It would just be easy, but it's not and I'm just imagining this teenage version of you, that's like, okay, this is gonna be great and then you get there, and you're like, well, shoot. I love that you use the metaphor of doing the dance. 


A really good friend of mine says this all the time that when we're trying to be what we think other people want, it's like tap dancing. I love that you said that, because I feel that same way that you're like, on the stage, like, here's all my glitter and shiny, and, you know, I'm gonna be what you. 


Jo Ann:

This is why you should love me - I'm like, It's not me.


Jennifer:

It's not me and it's exhausting.


You land up there, you're still in the chameleon mode. Where do we go from here?


Jo Ann:

Well, you know, you try to fit in, and you do all the things that you're supposed to do. 


I left high school, graduated from high school, went to college, and did all of those things. Although I took a little hiatus, I went to college for the first year, and I looked around. So those people who don't may be surprised to know that I was actually enrolled in the Interior Design Program at the University of Washington when I first started. 


That was because I wanted to go into architecture, because I love houses, and I love space planning but the counselor said, well, you know, there's a lot of math involved in architecture. I don't know if you know, I don't see a lot of math in your high school background. Maybe that wouldn't be the best choice for you and so you know, as a young, naive girl, I'm nodding and listening to okay, this is so weird. So what about interior design? Don't you think that that would be a better choice? And I'm like, okay, I have no artistic skill, capability. I have no hand coordination. My handwriting is a mess and my signature people say, oh, you could have been a doctor with that. So, there I am, again, not fitting in. I am at the art school at the University of Washington. We're all of these people who have all this artistic talent.


Here I am in this drawing class and I'm like, oh, this is really bad. I remember once particularly having to go on this class assignment to go out and draw sculptures in the city. I resorted to rubbing and drawing survival mode at that point. You're like how do I turn something it really was.


I ended up leaving and getting a job making some money, you know, doing all those kinds of things. And I finally realized, okay, I don't really want to be on this side of the desk as the secretary, the office manager or whatever. Yeah, I now figure out, okay, I am business oriented, my mind thinks that way. Let's go back to school now where I know what I want to do and get a degree so that I'm not stuck over here behind the typewriter all the time.


Jennifer:

Can we just note for those of you listening along, in the introduction, that she used to be a certified public accountant. I find it hilarious that the counselor was saying to you, I don't know about all the math, and then you write numbered focus professions.

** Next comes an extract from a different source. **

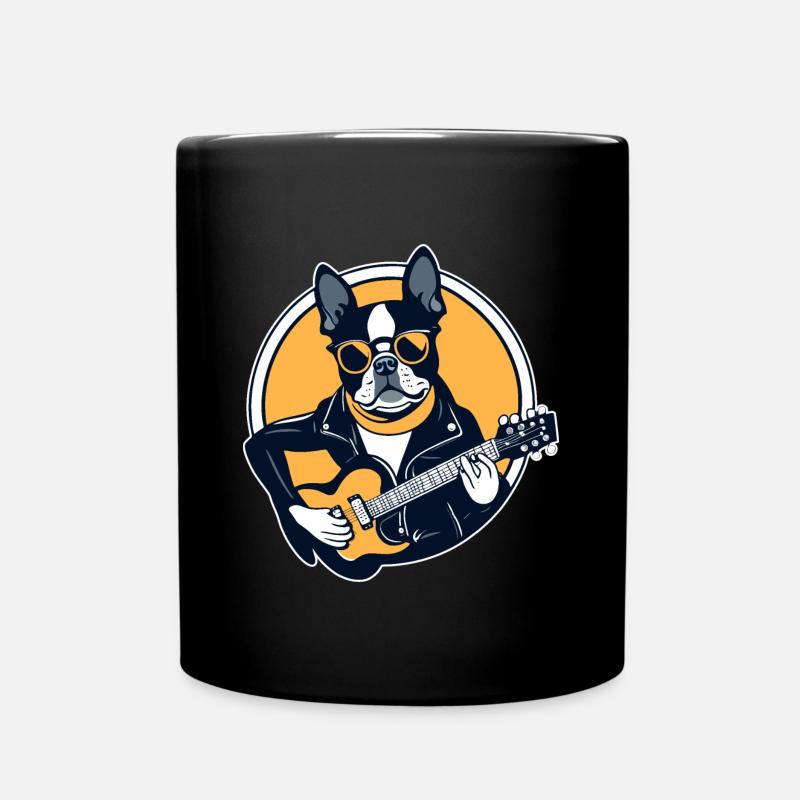 Boston Terrier Playing Electric Guitar - Full Colour Mug - black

Just a little sidebar that I find funny.


Jo Ann:

Well, there's math and there's math, right? 


In accounting, it's more what I call simple math and certainly not, you know, trigonometry, and calculus and all those kinds of things. 


Jennifer:

Good point.


So you went out to the world, and you got some experience, and which is, which is really great. Because then you were like, okay, I know, I don't want this. I know, I do want this. 


So you're not shoulding - you're following what feels right for you at that point


Jo Ann:

Yeah, you know, you finally kind of branch out, and as you grow older and a little more mature, you start to question. Well, do I really have to do that? Isn't there some better way? Can't I do something a little differently? But it takes a long time? 


Yeah, I think too, you know, it's a lot of one step forward, two steps back, right, because you try something new and it doesn't quite happen and because you don't have a lot of support for that, you know, okay, that must not be for me. So I'm stepping back over here in my little safe spot. We'll just hang out here but, you know, eventually you get fed up being in that safe spot. And you think, well, maybe I'll try again, you know, so Yeah, stick your head out there. And if you're lucky, you don't get chopped off.


Like a turtle, you know, out of the shell.


Jennifer:

It doesn't sound like there was a single event per set that started to turn the tide for you. Was there one thing? Or was it, you know, experience after experience that helped you shift?,


Jo Ann:

I was really good at playing this game. 


For 35 years, I was, you know, in the accounting world, doing all my spreadsheets and reports and things like that. But all during that time, I kept thinking, you know, this is fun and all, but I'm not really doing it. I'm not really doing what feeds my soul. You put it off, you think, okay, fine, you know, when, you know, we spend most of our life waiting for the next thing to happen. 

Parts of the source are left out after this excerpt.